Checking If You Added The Text Successfully
There are two simple ways to check if you’ve added your alt tags successfully to your WordPress site. The first method is by inspecting your page’s code, and the second one is by crawling your site with an SEO tool.
To inspect the code of your page:
- Right-click on the live page.
- In the menu that appears, select “View page source.”
- On the page that opens, press CTRL+F on Win or CMD+F on Mac.
- In the search field, enter alt=”.
Doing this will highlight all instances of images with Alt text on your site. In turn, this will help you troubleshoot not just one but all images on the page simultaneously.
To check your images with a tool:
- Log in your tool of choice – I will, of course, be using Morningscore.
- Go to the Site Audit tool.
- Scan the page where you made the changes.

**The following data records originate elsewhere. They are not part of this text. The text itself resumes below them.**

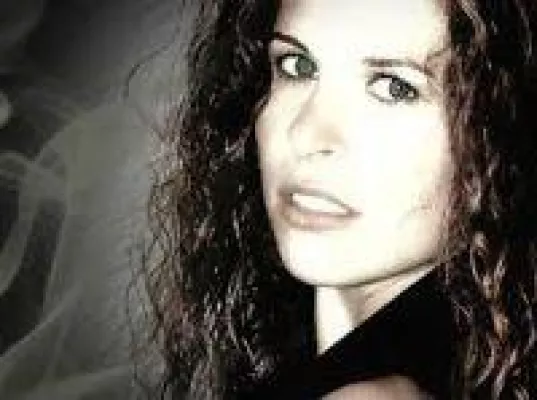 Die Hochzeitssängerin Steffi Mira auf der Hochzeitsmesse Ewig Dein. Bild: Die Hochzeitssängerin Steffi Mira auf der Hochzeitsmesse Ewig Dein.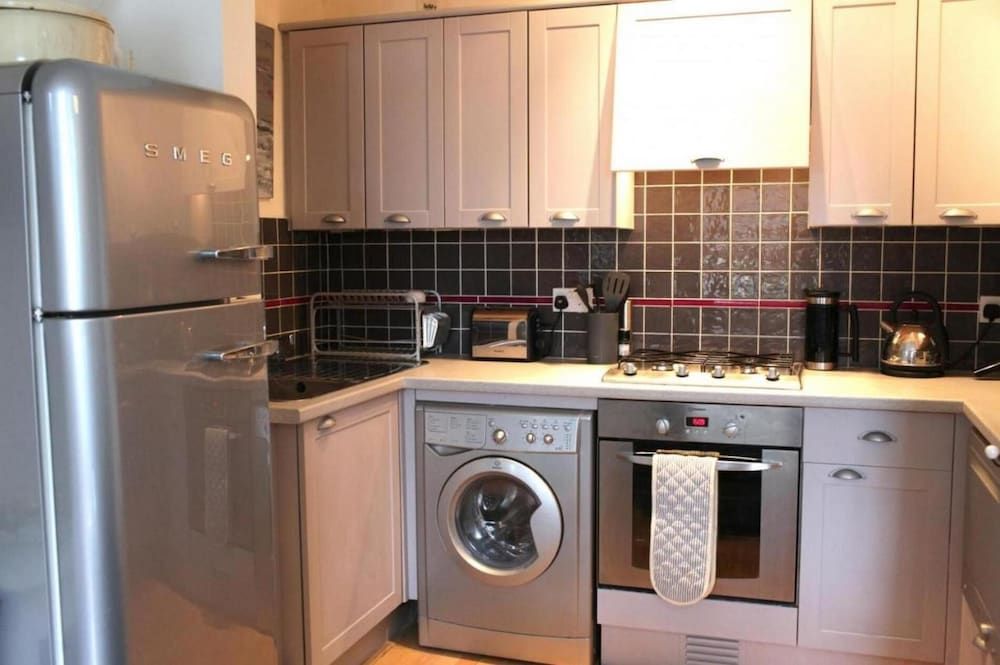 Trendy 2BD Flat in West Hampstead Apartment (2 Bedrooms) 11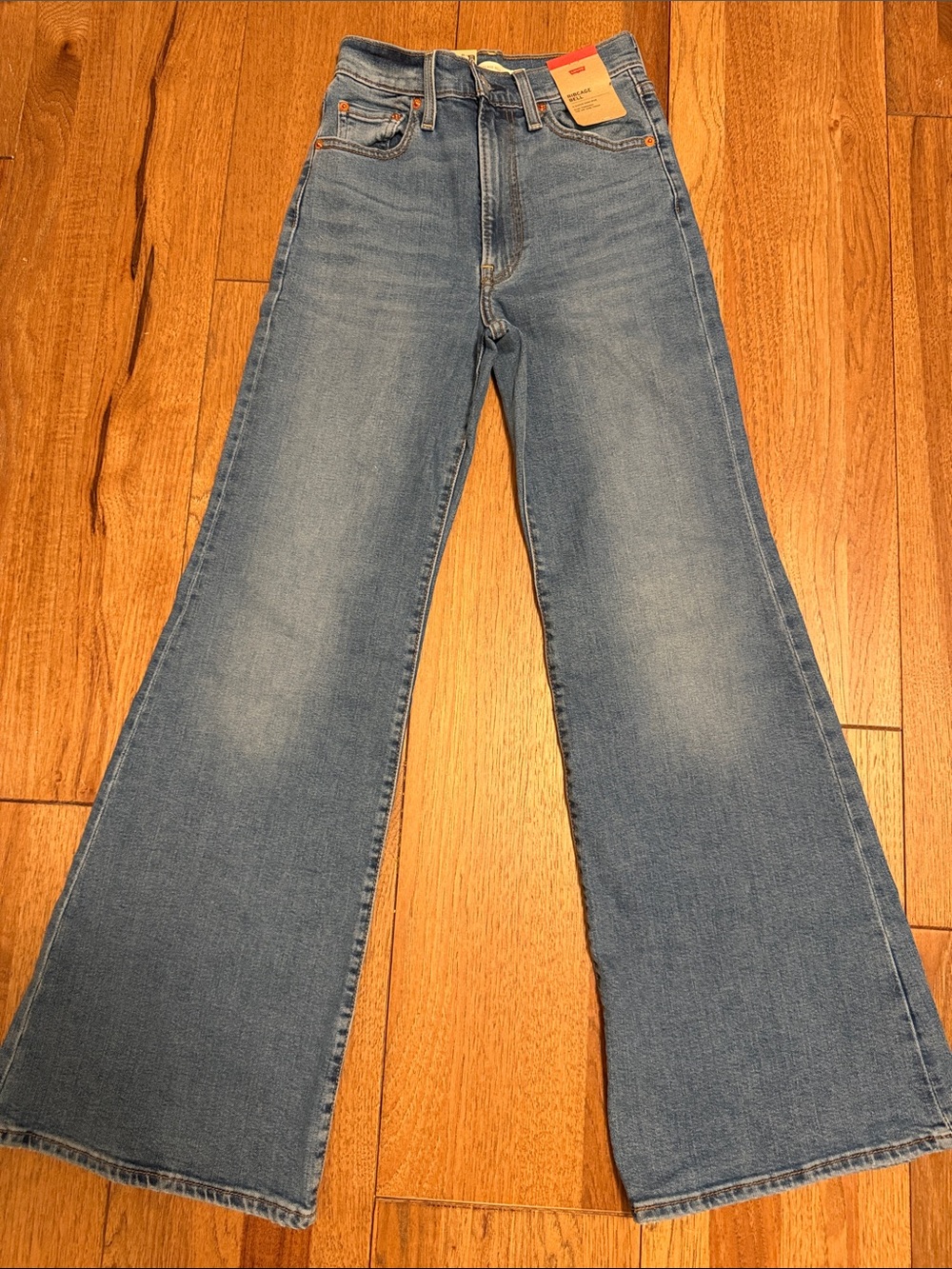 Levi’s Ribcage Bell Jeans NWT Super High Rise Size 25 x 32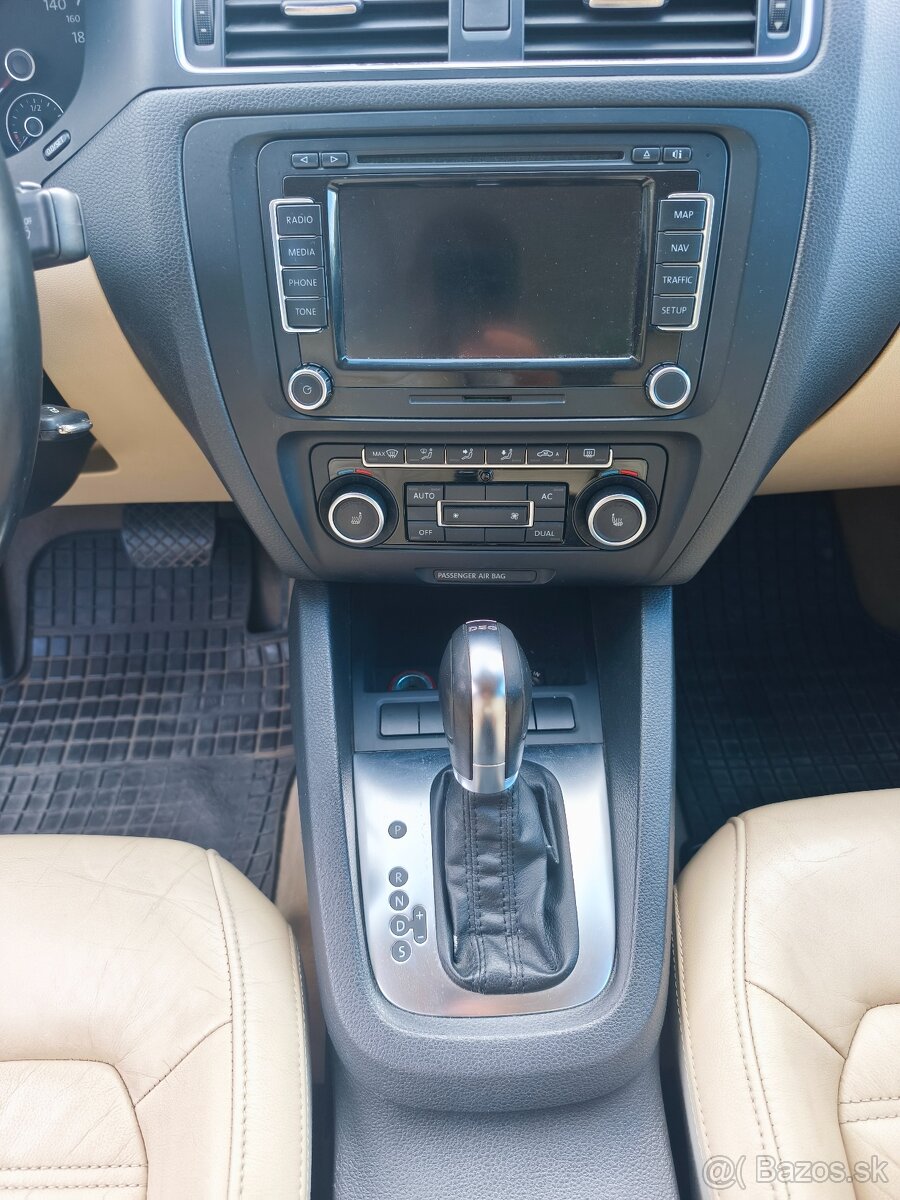 Predám VW Jetta 1.6Tdi DSG - 10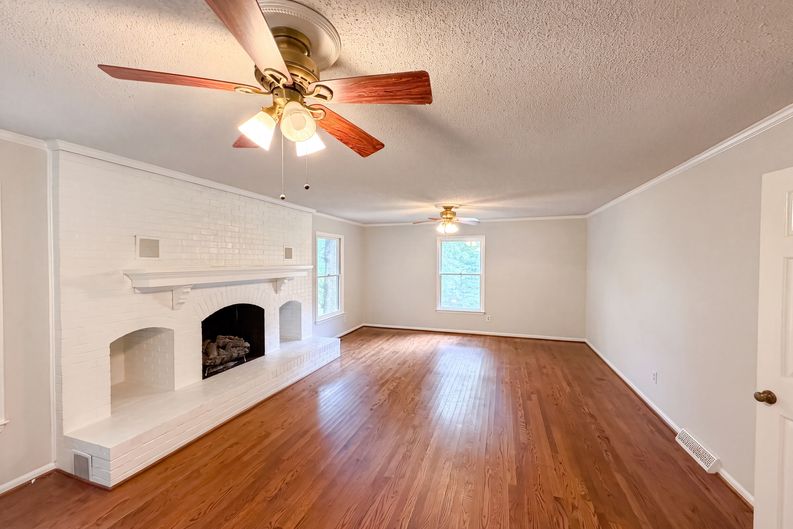 Photo 7 of 22 of 3029 Southampton Cir, Gastonia, NC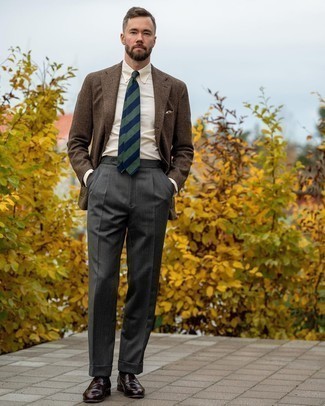 С чем носить темно-сине-зеленый галстук в горизонтальную полоску мужчине: Несмотря на то, что это достаточно консервативный ансамбль, тандем коричневого шерстяного пиджака с узором "гусиные лапки" и темно-сине-зеленого галстука в горизонтальную полоску является неизменным выбором стильных мужчин, неизбежно покоряя при этом дамские сердца. Хотел бы добавить сюда нотку строгости? Тогда в качестве дополнения к этому луку, стоит выбрать темно-коричневые кожаные оксфорды.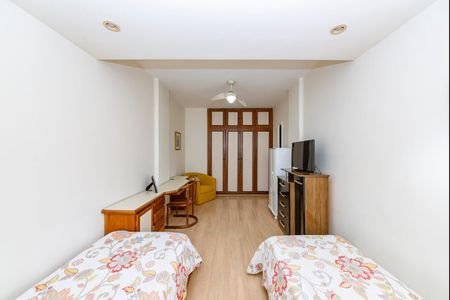 Apartamento à venda com 148m², 4 quartos e 2 vagasQuarto 1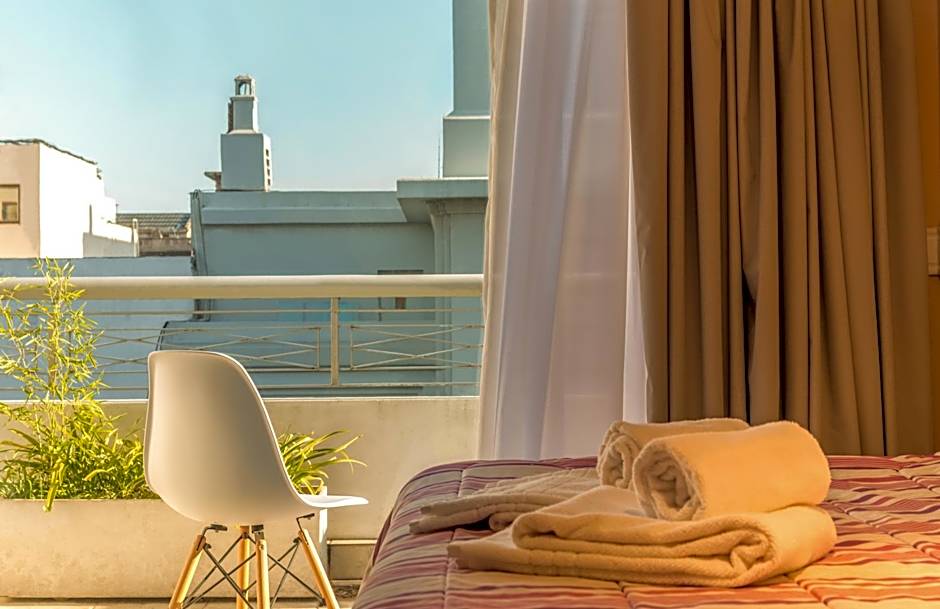 Up Viamonte Hotel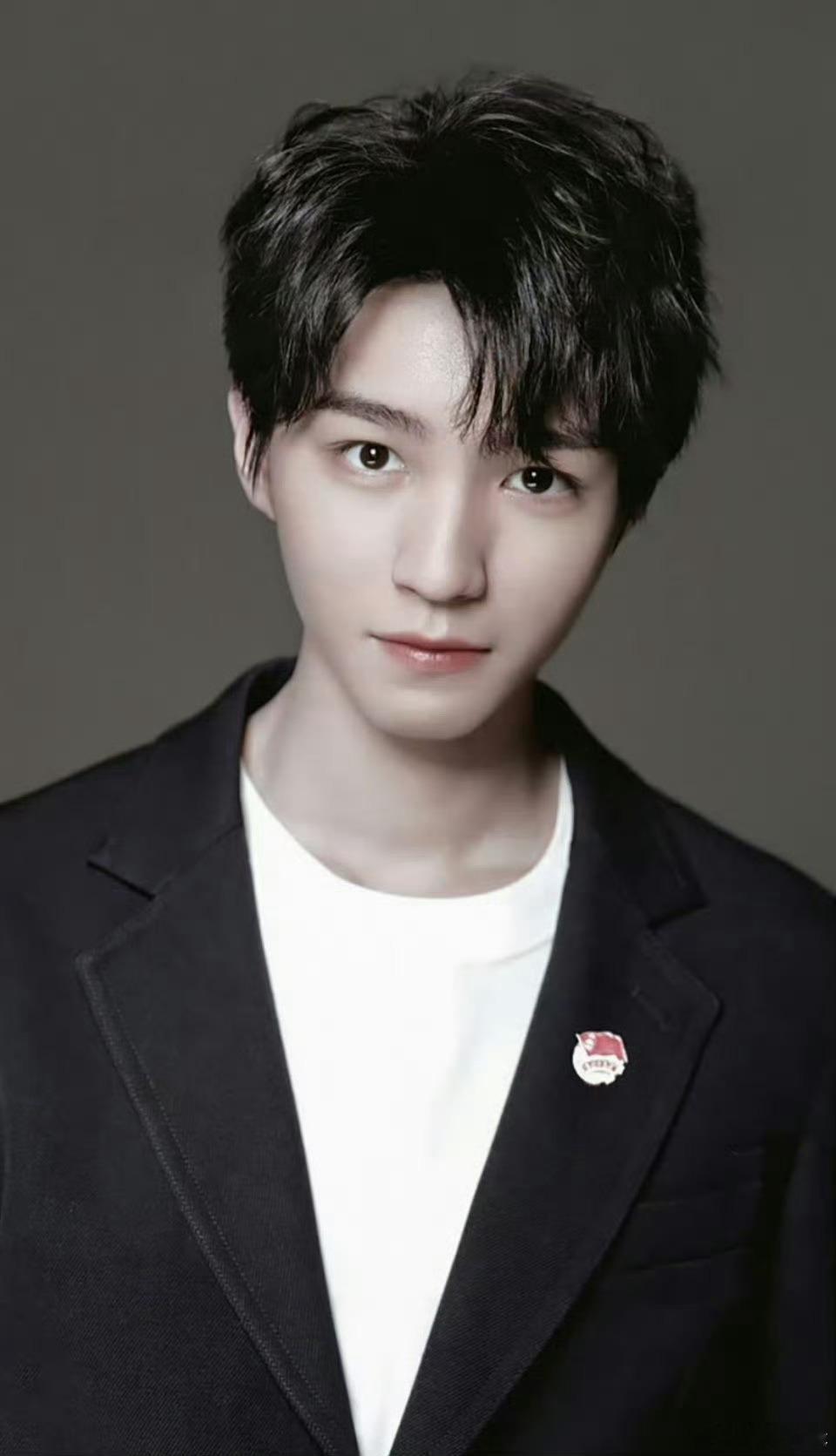 王俊凯CL代言人 不忘过往展望未来，少年从容不迫地一路前行，张扬自信挥洒青春的汗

- Once ready, you will if the change fixes the problem.
Lastly, people sometimes experience that their alt tags are not shown or updated in WordPress even after they have added them. If that has happened to you, check out our post on fixing WordPress alt tags that aren’t showing.
Adding or changing image alt tags won’t make or break your website’s success on its own. They are simply yet another piece of the puzzle that helps you rank higher and get more traffic. Using the process listed above, you’re sure to complete that task with minimal effort, yet reap all the rewards.